Here are a few odes to the Kerry stump problem we’ve collected:

“John Kerry has a new 757 jet to use while he campaigns for president... did you see it on the news? This is a really cool plane. In the event that Kerry starts speaking, oxygen masks fall from the ceiling to keep people awake.” – Jay Leno.

“He is a wooden campaigner...” – writes Newsweek’s chief political correspondent Howard Fineman.

“Senator and Presidential candidate John Kerry has been criticized for his cold, wooden demeanor and uninspired message...” -- Adam Nagourney, New York Times.

“Kerry has been tagged a wooden Al Gore clone” – New York Metro Magazine.

“Kerry sits onstage in a row of veterans, several of whom speak on his behalf. My eyes wander across the row and come to rest, with familiar incredulity, on the wooden guy in the white shirt. Of all the guys in this row, can you believe this is the one running for president?” – William Saletan, Slate’s chief political correspondent. [LINK to full article, “The Thin Man” Sept. 2, 2003]

 “Cleland lights up the crowd with zingers, plain talk, and more animation than Kerry can manage with four limbs. While Cleland works his magic, Kerry sits expressionless behind him, squinting and repeatedly touching various parts of his hair to make sure they're in place. They're fine, but Kerry seems terribly anxious that somewhere, somehow, a hair is out of place....” – William Saletan.

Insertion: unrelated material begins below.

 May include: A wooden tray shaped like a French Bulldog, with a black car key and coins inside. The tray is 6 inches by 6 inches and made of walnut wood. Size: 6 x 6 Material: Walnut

“Much of Kerry's problem is superficial. He's as stiff as a GI Joe. He's infatuated with the 1960s. He keeps talking about "our generation" to an electorate that is no longer of his generation. He speaks the language of the Kennedys, which now sounds flowery and phony. He adorns his prose with words like "lavish" and "astonishing." He calls the audience "my fellow Americans." He tells them he's "honored to join you in this endeavor." For the thousandth time, he begins a sentence with the pointless preface, "And I say to you today …" At another point, he proclaims, "Let me put it plainly: If Americans aren't working, America's not working." This is what audiences always have to wade through to get at whatever it is Kerry is trying to say: Nuggets of nothing, wrapped in pretentious rhetoric, compounded by the pretense of plain speaking.” – William Saletan.

Moore gigantic antics

According to the Minneapolis Star Tribune, U.S. Rep. Mark Kennedy (R/MN) is displeased with mockumentary film maker Michael Moore and his gimmicky flick "Fahrenheit 9/11" and its trailer. It seems Moore has only included what suited his agenda in his holdup-style interview of the U.S. Representative. Here’s how Kennedy tells it:

"I was walking back to my office after casting a vote, and all of a sudden some oversized guy puts a mike in my face and a camera in my face," said the Minnesota Republican. "He starts asking if I can help him recruit more people from families of members of Congress to participate in the war on terror."

Kennedy said he told Moore that he has two nephews in the military, one who has just been deployed in the Army National Guard.

Ah, but Kennedy has since discovered that his response to Moore was cut from the trailer and film.

"The interesting thing is that they used my image, but not my words," Kennedy said. "It's representative of the fact that Michael Moore doesn't always give the whole story, and he's a master of the misleading."